The primary assumption about speech is that it is often highly periodic and its spectral characteristics change gradually. This is the basis for selecting a fixed- length frame in a vocoder scheme. Of course there are times when speech characteristics do change rapidly. High rate coders with shorter update intervals generally outperform very low rate coders in these circumstances. Thus, pseudo- periodic speech is referred to as "voiced" and a periodic speech is referred to as

"unvoiced." Generally, speech consists of mixtures of voiced and unvoiced spectral components and a typical vocoder would process the voiced and unvoiced portions of a speech signal separately to efficiently model and encode the signal and then subsequently combine the signals in re-creating the speech.

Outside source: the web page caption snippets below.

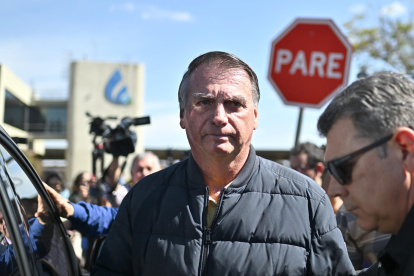 El expresidente de Brasil Jair Bolsonaro, sale de la sede de la Policía Federal este viernes, 18 de julio de 2025, en Brasilia (Brasil).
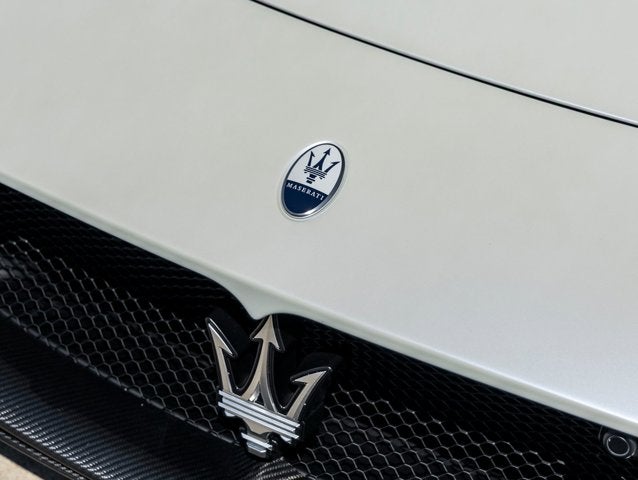 2022 Maserati MC20 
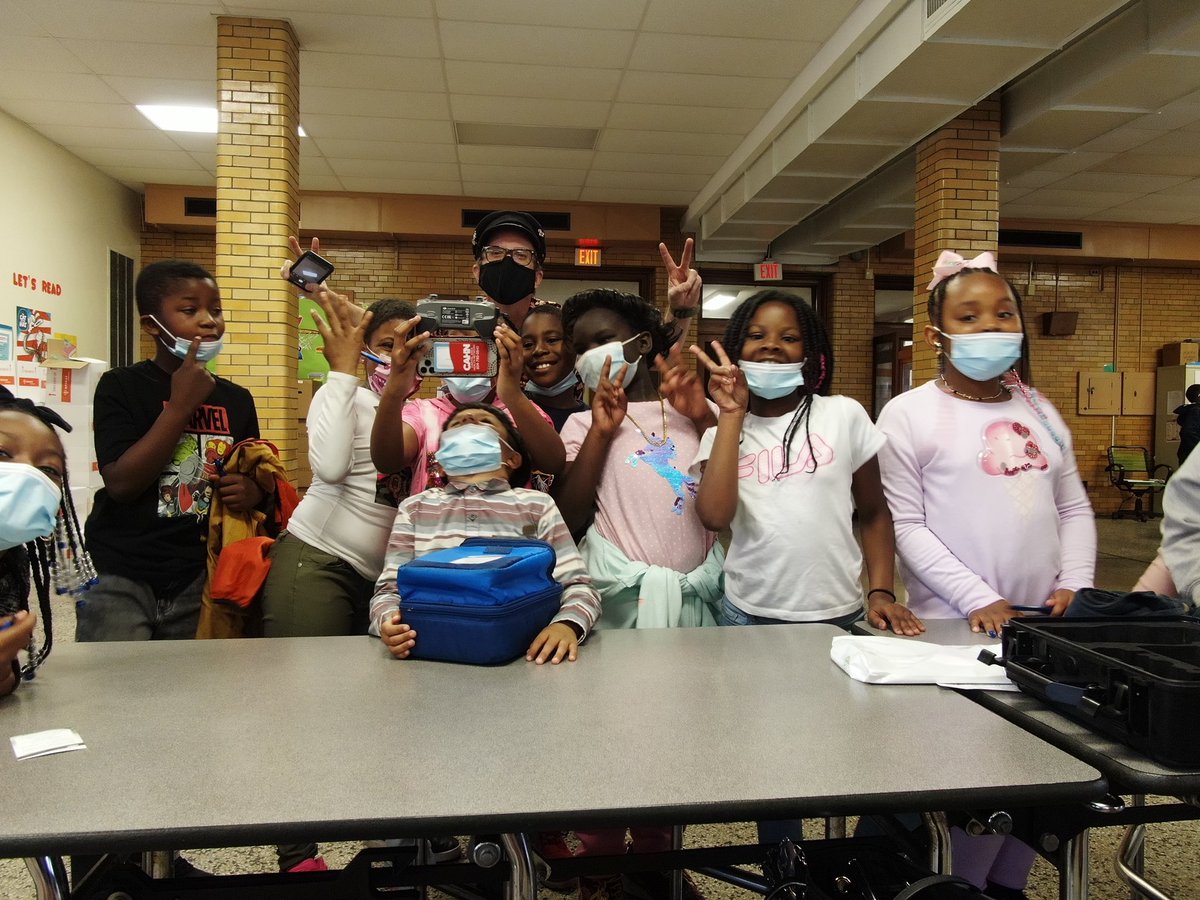 AnnCan2024's tweet photo. ❤️This part of being the 3rd District Rep. I so enjoyed Career Day at Ginter Park Elementary. I’m grateful to be an example to our youth especially the girls in being a Drone Pilot and an Elected Official🥰 #IFlyDrones #ImHappy2Serve #IamAnEntreprenuer #TeamNorthside https://t.co/YeqbKUE8nD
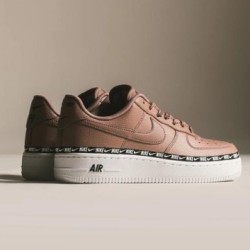 NIKE 耐克 Air Force 1 '07 SE PRM AH6827 女子休闲运动鞋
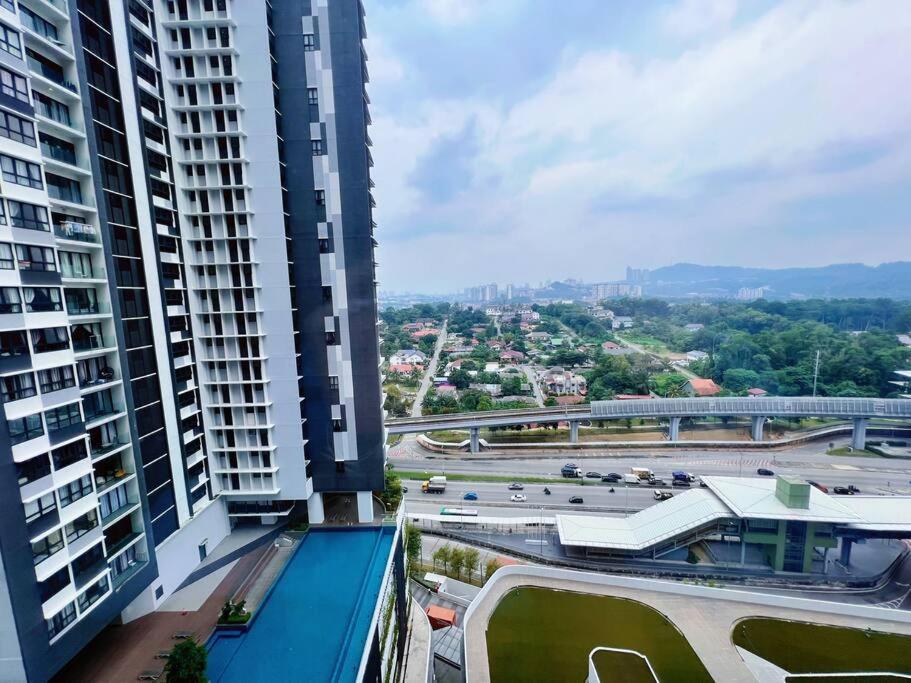 Homely 2Br Heritage D'Sara @ Link To Mrt, Near Thomson Hospital & Sungai Buloh Hospital エクステリア 写真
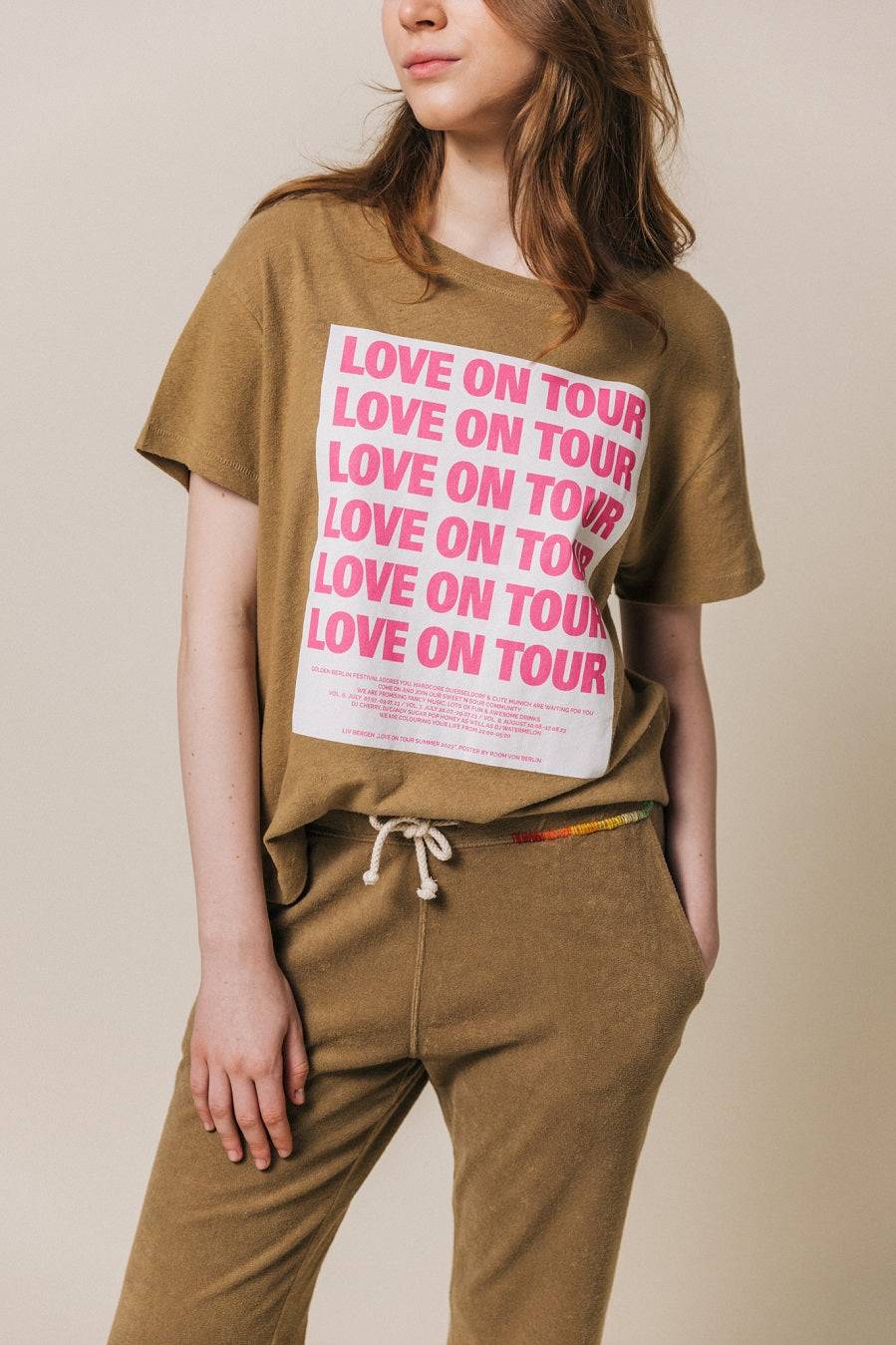 Liv Bergen T-Shirt LOVE ON TOUR In Hazelnut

The sets of speech model parameters that maybe within a frame of data could include a frame voicing flag, a fundamental frequency value, band voicing vectors, line spectrum frequencies or spectral parameters, as well as gain. A frame voicing flag would indicate whether a voiced component is present within a given frame and whether the frame data itself would be in a voiced or unvoiced format. The fundamental frequency in voiced speech represents the pitch frequency or the frequency at which the pitch cycles are repeated. Since there is no true fundamental frequency in unvoiced speech, an arbitrary value can be assigned and used for decoding the spectral shape of the unvoiced speech segment. The band voicing vector breaks up the speech signal into a plurality of spectral bands having predefined frequency ranges. Line spectrum frequencies (LSFs) or spectral parameters provide values that are used to encode the spectrum which will be used to generate the synthesized speech signal. The harmonic spectrum shape derived from the LSFs should be scaled by the gain to represent the correct frame energy.

Thus, a typical vocoder as described above can be used to synthesize speech from three data rates: 600, 1000, or 1400 bits per second for example. While these rates are remarkable and allow a large amount of speech to be stored in memory, the present invention is primarily directed to a method to optimize the memory usage within an electronic device such as a selective call receiver or messaging unit.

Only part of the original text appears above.